- [Excerpts from a dataset]:
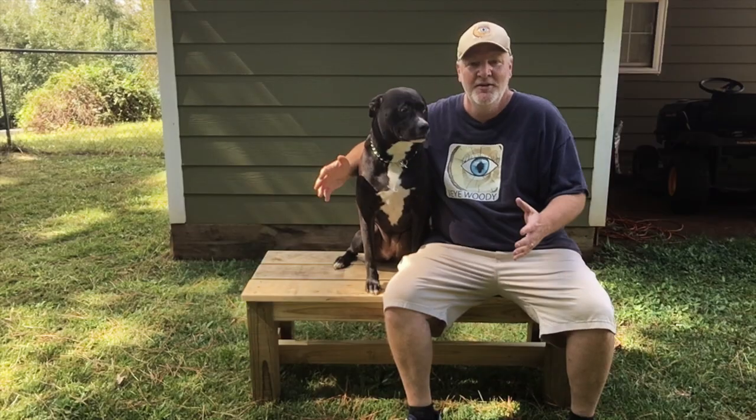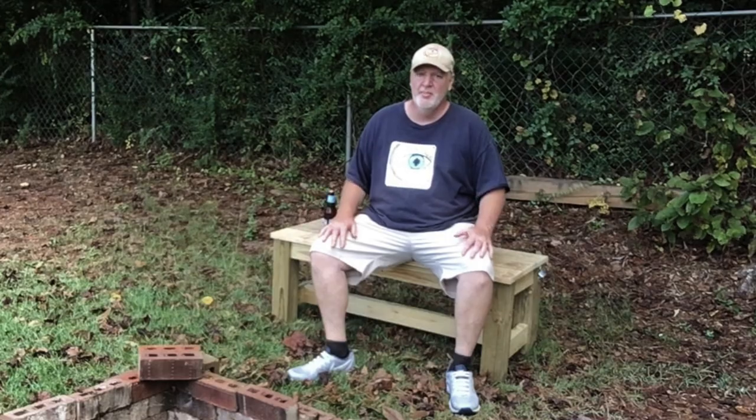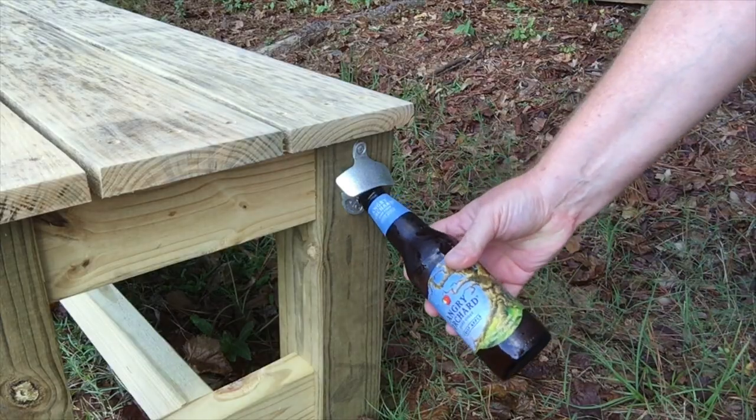Hey guys, my name is David, aka One Eye Woody, and welcome back. Today's project is this outdoor bench — you can stand on it, you can sit on it, you can lay on it, you can even put your dog on it. But I'll probably just put it out here by the fire pit and have myself a cold one.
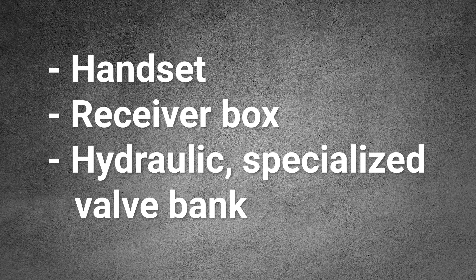Each RGM system is comprised of three basic components: handset, receiver box, and a hydraulic specialized valve bank.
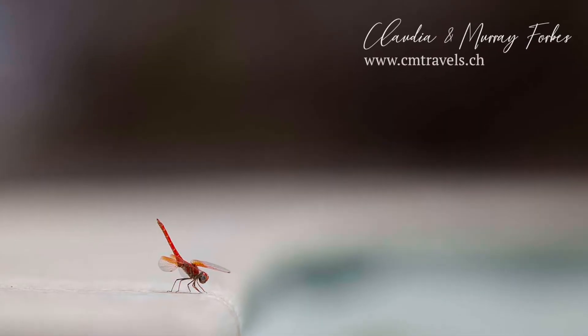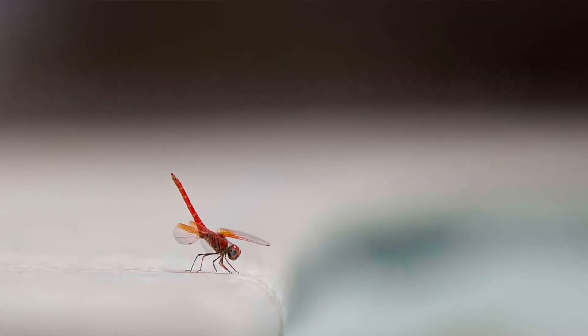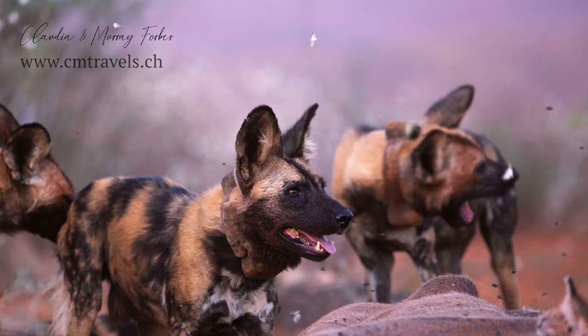Hello, welcome back to another CM Travels video. Today I'm going to be talking about the Canon 300mm f4 ISL lens. What an amazing lens.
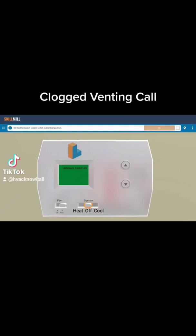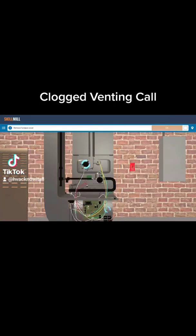We're going to get a quick service call done here using the Interplay Learning Skill Mill. We have a thermostat that's set to 86 degrees, but it's 65 in the room, so it should be heating.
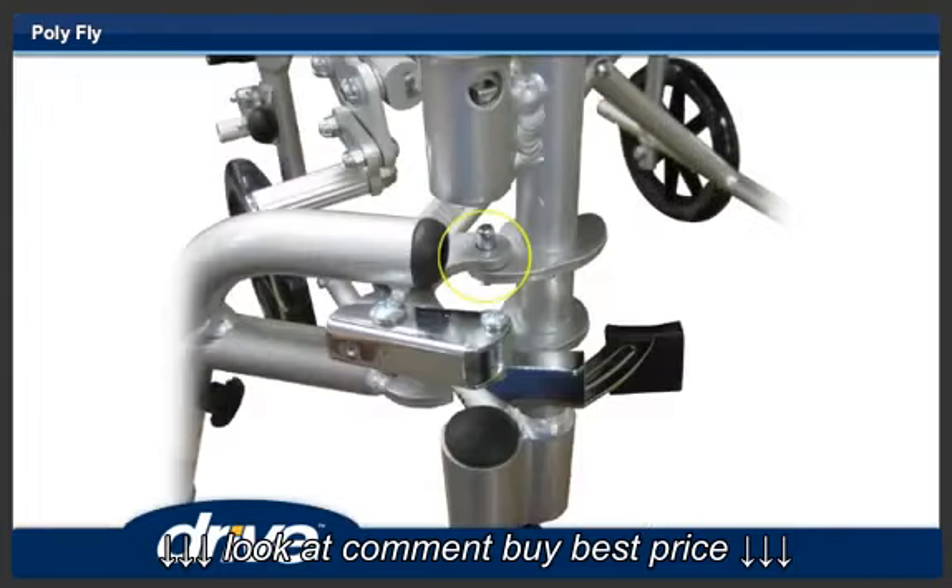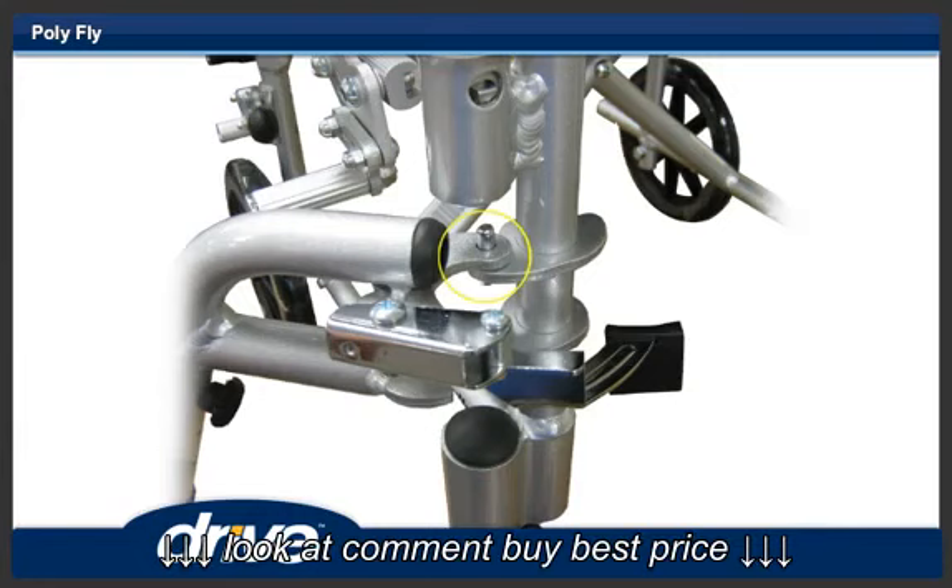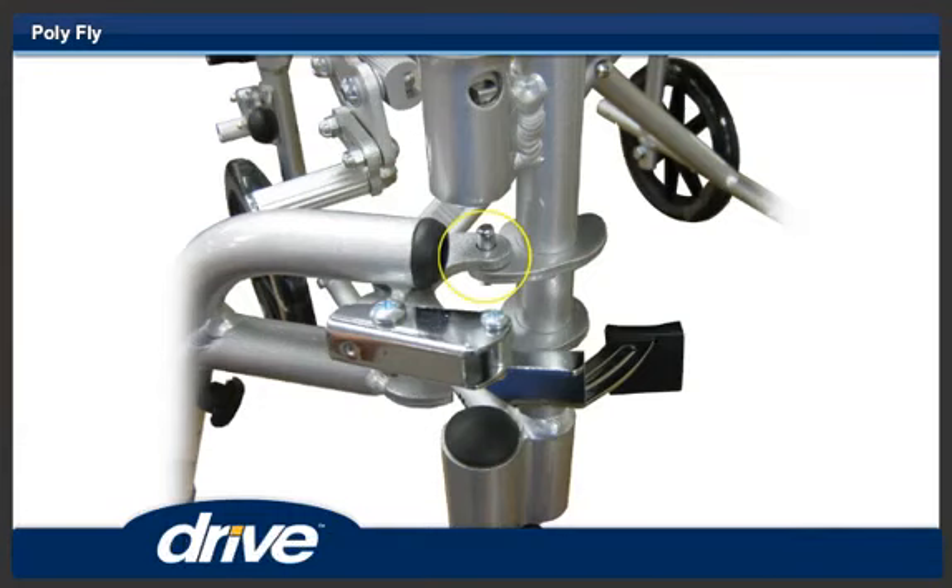Step 5. To install the footrest, align the two holes on the footrest hanger with the hanger pins on the front frame of the Polyfly and let the hanger rest on the frame hanger bracket.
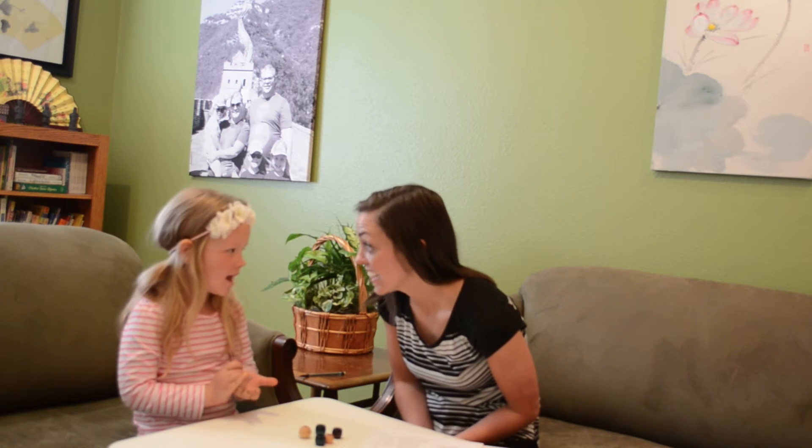Good morning. How are you? Good. Are you ready to start our math lesson? Yeah.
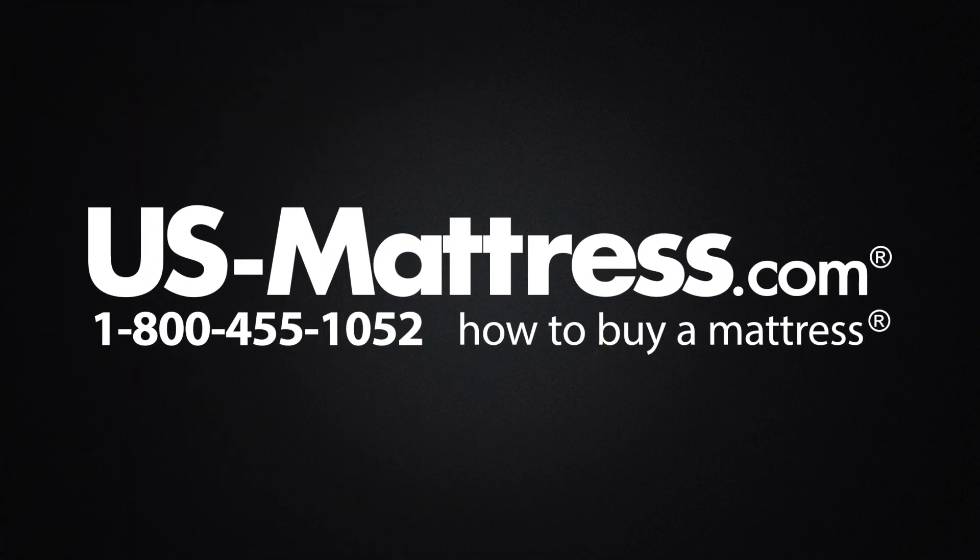We hope this video was helpful, but if you do have any other questions, please feel free to reach out to us. We can be contacted at 1-800-455-1052. You can leave us a comment below, or you can reach out to one of our chat representatives during normal business hours.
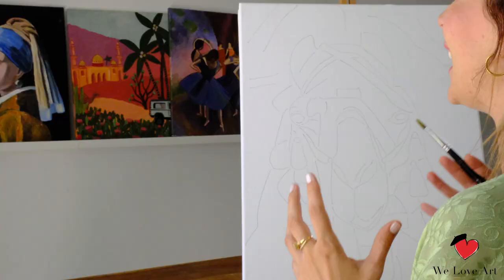Hi everyone and welcome to We Love Art. My name is Denise and today we're gonna recreate the camel, originally created by me.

- [ASSIGNMENT]: Make an exact copy of only those lines that run from the line with "Step 5. To install" through the end of the records, excluding pictures.

- [RESPONSE BELOW]:
Step 5. To install the footrest, align the two holes on the footrest hanger with the hanger pins on the front frame of the Polyfly and let the hanger rest on the frame hanger bracket.
Good morning. How are you? Good. Are you ready to start our math lesson? Yeah.
We hope this video was helpful, but if you do have any other questions, please feel free to reach out to us. We can be contacted at 1-800-455-1052. You can leave us a comment below, or you can reach out to one of our chat representatives during normal business hours.
Hi everyone and welcome to We Love Art. My name is Denise and today we're gonna recreate the camel, originally created by me.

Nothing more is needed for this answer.